隣の席の佐竹くんには…

『う、嘘じゃないよ?いつも私と楽しく話してくれるし、そういうところが…』

『それって、オレが女みたいだからなんじゃない?昨日言ってたじゃん』

『えっ…!?』

リナは、疑問符を浮かべたような顔をした後、すぐに理解した色を見せた。

『あっ、もしかして昨日、帰ってる時の話聞いてたの?』

『オレのこと女みたいで可愛いって言ってたでしょ。それなのに好きって変だろ』

ギロリとリナを睨む佐竹。

『えっ!?違う!言った…けど、そういう意味で言ったんじゃなくてっ』

『なら、どういう意味?』

『えっと……』

『好きだなんて信じられるわけないだろ!』

そう吐き捨てると、佐竹はその場から走り去って行った。

『あ!待ってっ…!』

取り残されたリナは、その場で泣き崩れた。

そんなリナの姿と、走っていく佐竹の後ろ姿をオロオロと二人を見比べる。

佐竹を追いかけて行きたいのを堪えて、泣き崩れてるリナに駆け寄る。

それに気づいたリナは、泣き顔を向けた。

『ラ…ライト君…っ、ミツ君がっ…ひっく』

『ごめん…見てた。ミツのやつ、可愛いとかそういうワードに敏感になってて。
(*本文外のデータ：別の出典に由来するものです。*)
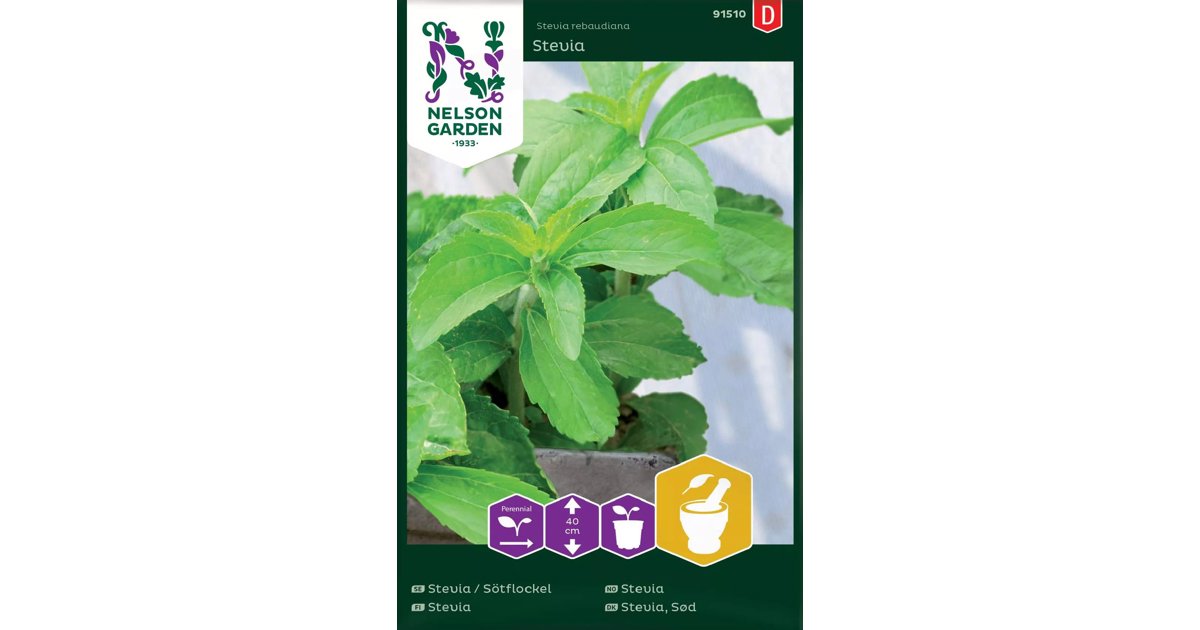 Stevia / Sötflockel Stevia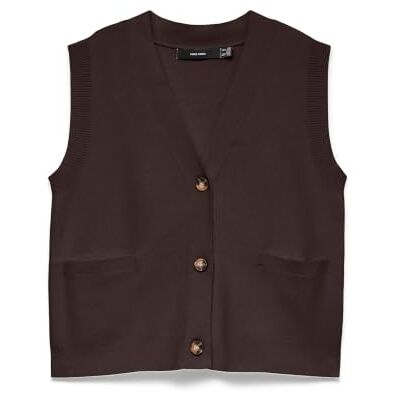 VERO MODA dam Vmgold Lux Sl V-hals knapp väst Vmgold Lux Sl V-hals knapp väst (1-pack) VERO MODA dam Vmgold Lux Sl V-hals knapp väst Vmgold Lux Sl V-hals knapp väst (1-pack)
本人はすげー気にしてるみたいでさ…』

『わたっ…私は、いじわるでっ…言ったわけじゃなくてっ…』

『だけど、昨日三人で佐竹って実は女の子なんじゃないかって言ってたんだろ?』

『えっ!?そんなことっ…言ってないよっっっ!!!』

『え…でも、大川がそう聞いたっ…て…』


……—あ。

あいつ…もしかして……


『たっ確かに女の子みたいとは言ったけどっ…。私は…ミツ君の笑った顔がっ、ちょっと女の子みたいで優しい感じが好きで…。二人にはミツ君が好きって話しかしてないっ…』


…くそっ!
騙された。

まんまと大川の言葉を鵜呑みにしてしまったことに、怒りが沸々と湧き上がる。

『ごめん、リナ。オレら、ちょっと誤解してた。ミツには、ちゃんと説明しておくから!』

そう言って、リナにハンカチを渡すと、佐竹の後を追いかけた。